Deep Learning with Dynamic Computation Graphs
Moshe Looks, Marcello Herreshoff, DeLesley Hutchins, Peter Norvig
TL;DR
The paper tackles the challenge of efficiently training neural networks on dynamic computation graphs by introducing dynamic batching, which batches operations across disparate graph shapes and within individual graphs. It presents TensorFlow Fold, a combinator library that enables concise construction of DCG models and automatically leverages dynamic batching through a static graph backend. The approach yields substantial speedups on GPUs and demonstrates state-of-the-art results on tree-structured and graph-structured tasks, including Tree-LSTM on sentiment and graph convolutions for molecules. The work highlights practical benefits for practitioners needing scalable DCG models with rich architectures.
Abstract
Neural networks that compute over graph structures are a natural fit for problems in a variety of domains, including natural language (parse trees) and cheminformatics (molecular graphs). However, since the computation graph has a different shape and size for every input, such networks do not directly support batched training or inference. They are also difficult to implement in popular deep learning libraries, which are based on static data-flow graphs.
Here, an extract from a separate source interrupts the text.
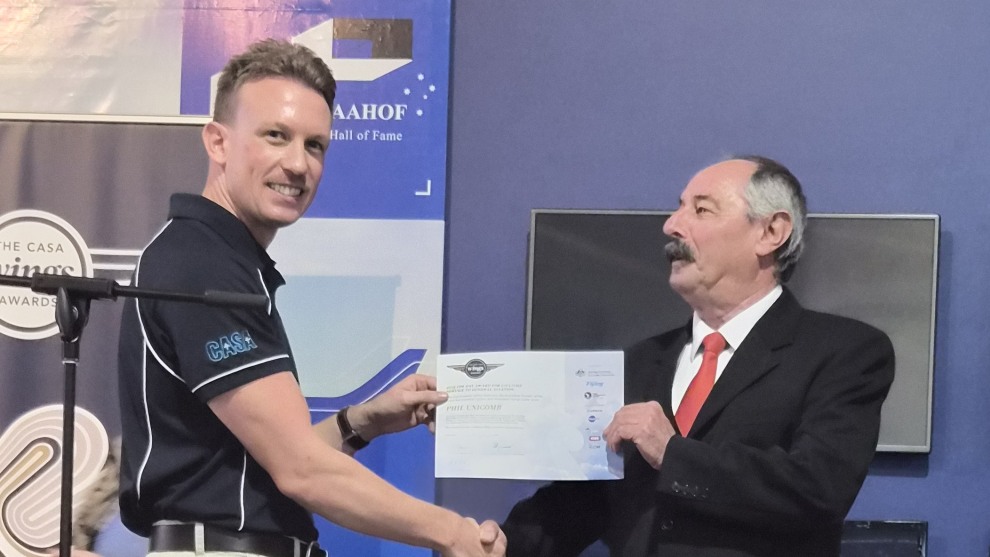 Phil Unicomb is delighted to receive the Col Pay Award for Services to GA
We introduce a technique called dynamic batching, which not only batches together operations between different input graphs of dissimilar shape, but also between different nodes within a single input graph. The technique allows us to create static graphs, using popular libraries, that emulate dynamic computation graphs of arbitrary shape and size. We further present a high-level library of compositional blocks that simplifies the creation of dynamic graph models. Using the library, we demonstrate concise and batch-wise parallel implementations for a variety of models from the literature.